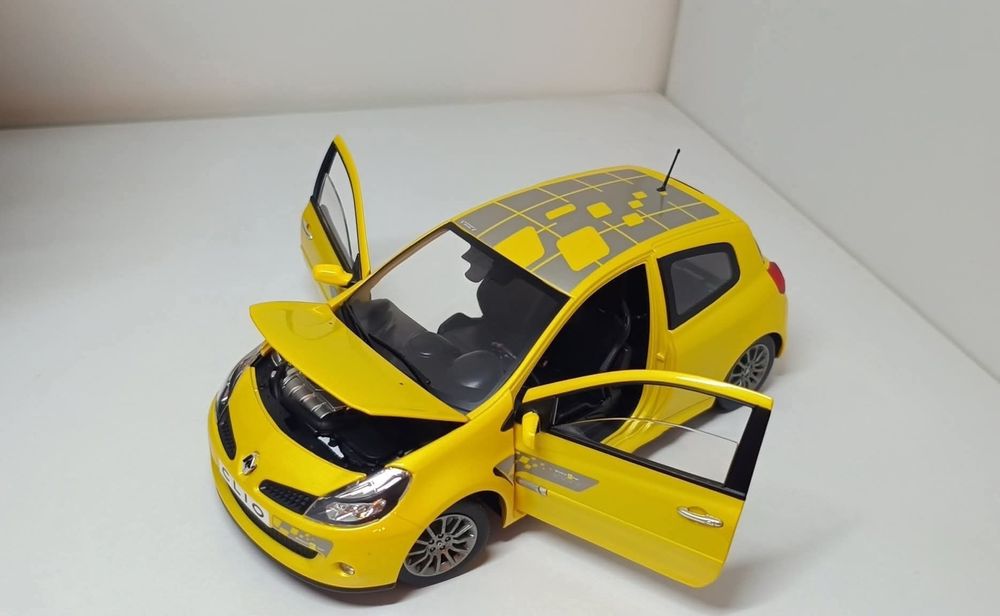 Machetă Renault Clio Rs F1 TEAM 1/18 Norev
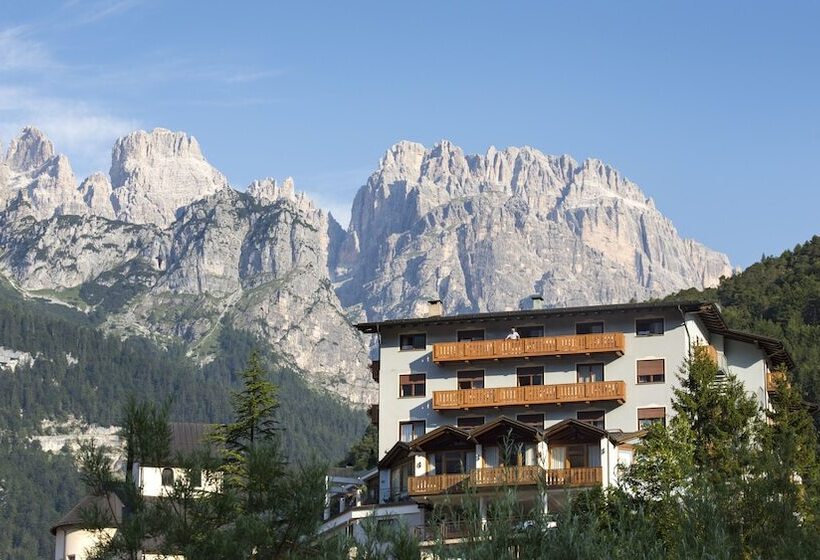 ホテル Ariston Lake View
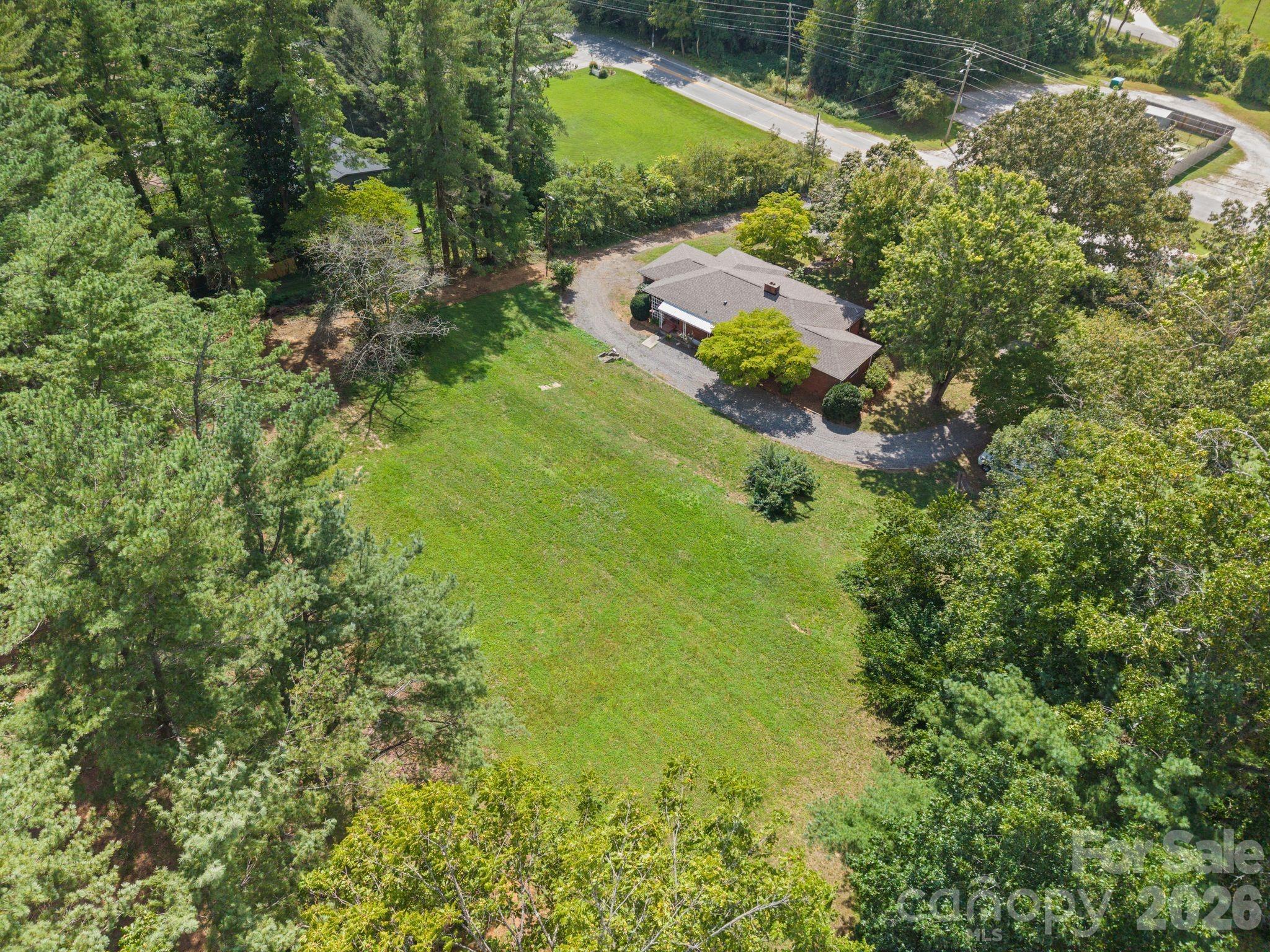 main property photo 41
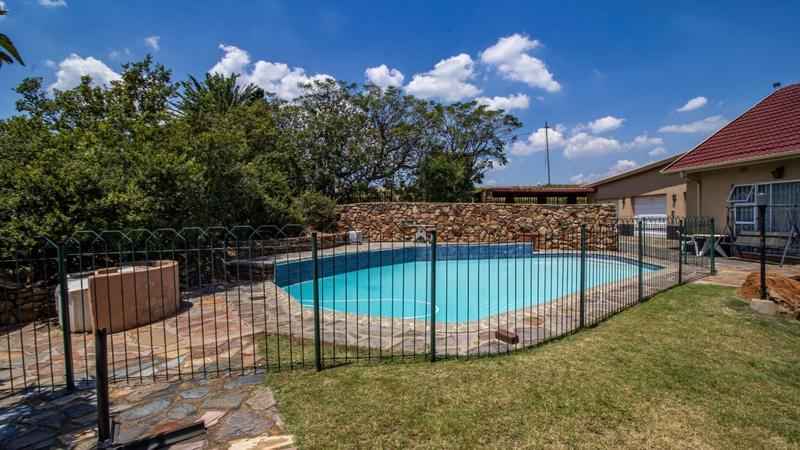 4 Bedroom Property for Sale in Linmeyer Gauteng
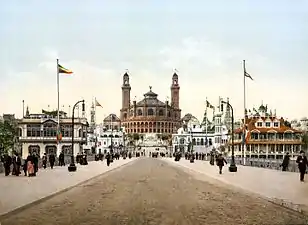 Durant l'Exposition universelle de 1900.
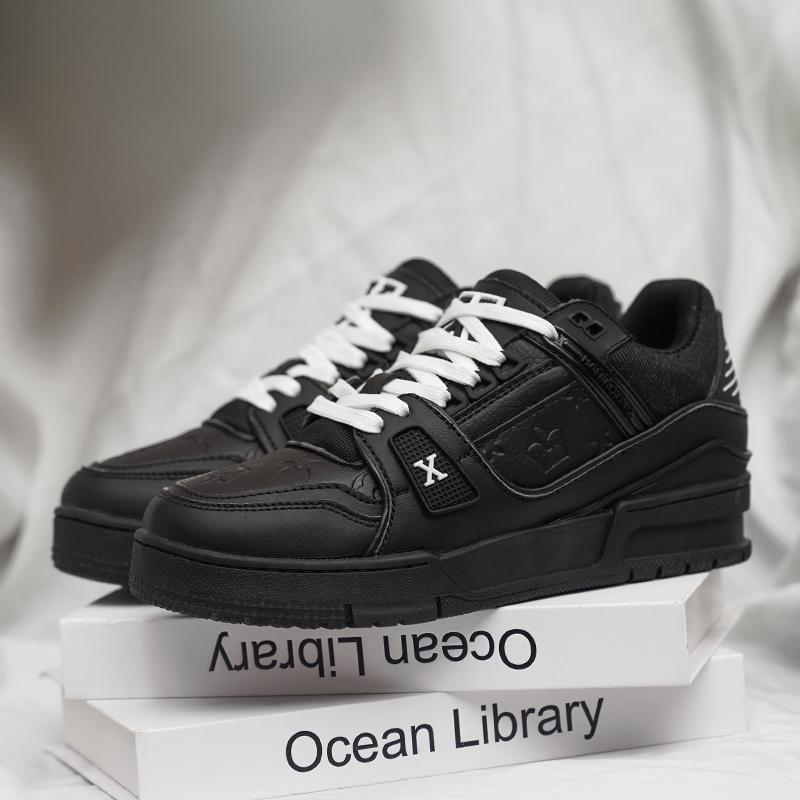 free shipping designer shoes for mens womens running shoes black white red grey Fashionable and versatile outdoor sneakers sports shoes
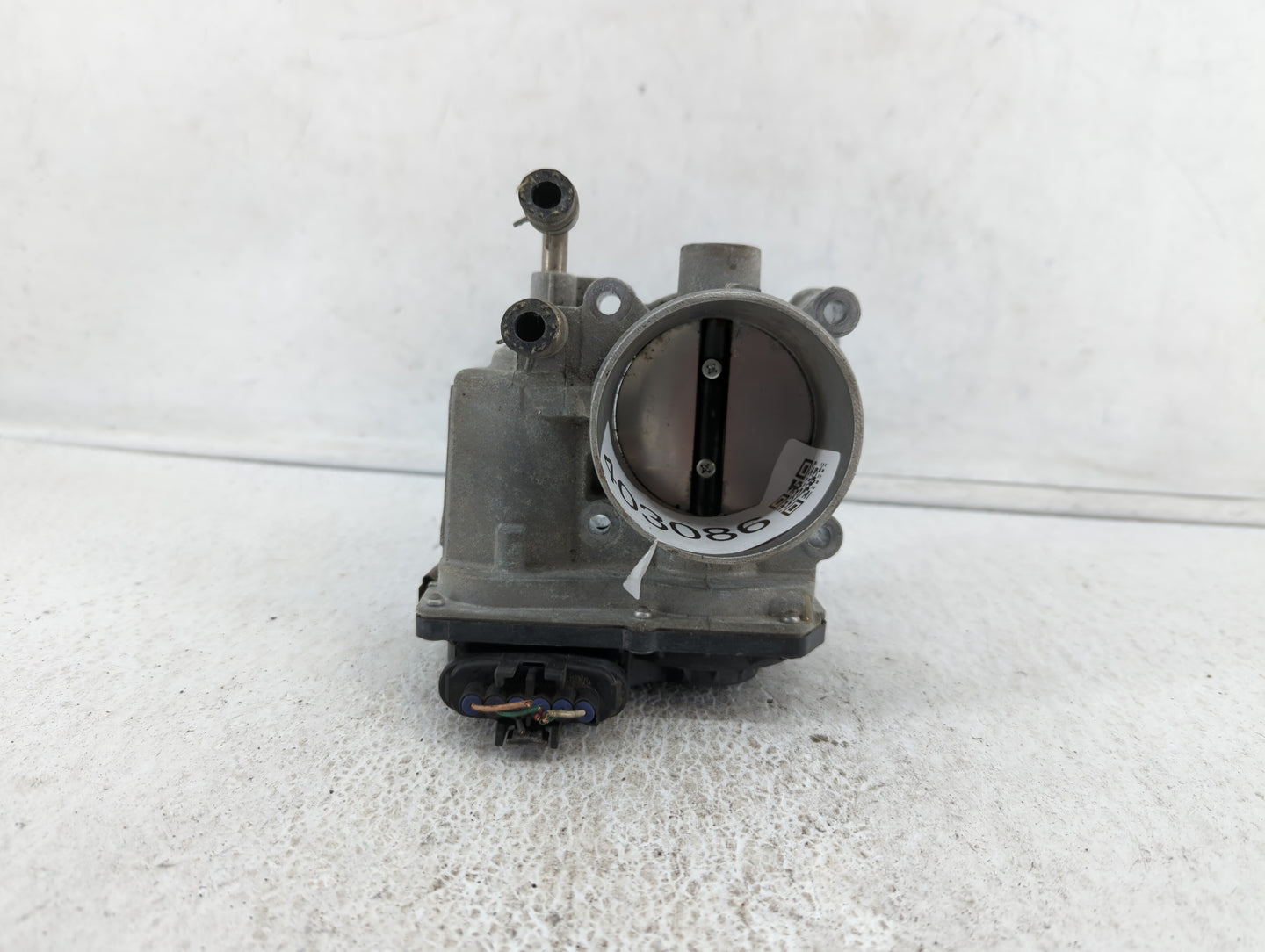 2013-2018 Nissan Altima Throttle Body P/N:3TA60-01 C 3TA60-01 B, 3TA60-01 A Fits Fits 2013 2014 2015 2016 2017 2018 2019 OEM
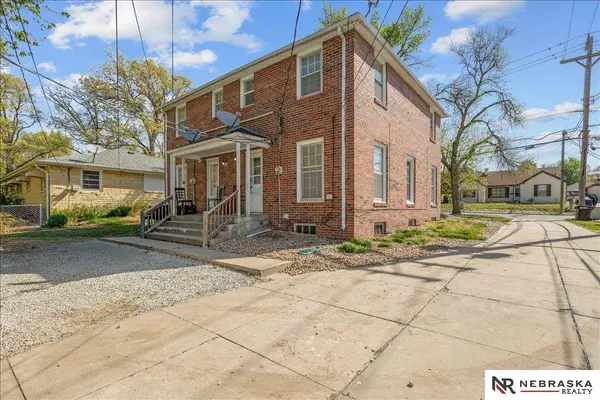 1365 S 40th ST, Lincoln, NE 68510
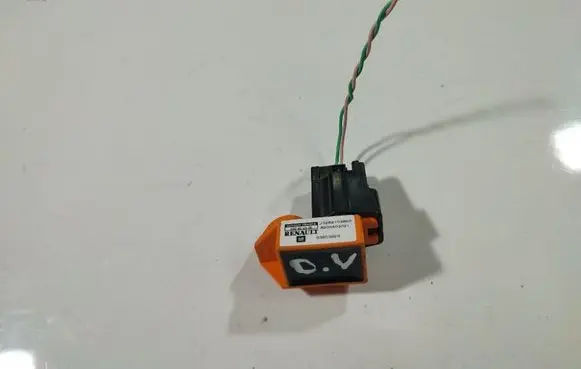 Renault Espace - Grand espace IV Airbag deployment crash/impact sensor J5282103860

#### [Your task]
Skipping every picture, reproduce the records word for word.

#### [Exercise result]
 Machetă Renault Clio Rs F1 TEAM 1/18 Norev
 ホテル Ariston Lake View
 main property photo 41
 4 Bedroom Property for Sale in Linmeyer Gauteng
 Durant l'Exposition universelle de 1900.
 free shipping designer shoes for mens womens running shoes black white red grey Fashionable and versatile outdoor sneakers sports shoes
 2013-2018 Nissan Altima Throttle Body P/N:3TA60-01 C 3TA60-01 B, 3TA60-01 A Fits Fits 2013 2014 2015 2016 2017 2018 2019 OEM
 1365 S 40th ST, Lincoln, NE 68510
 Renault Espace - Grand espace IV Airbag deployment crash/impact sensor J5282103860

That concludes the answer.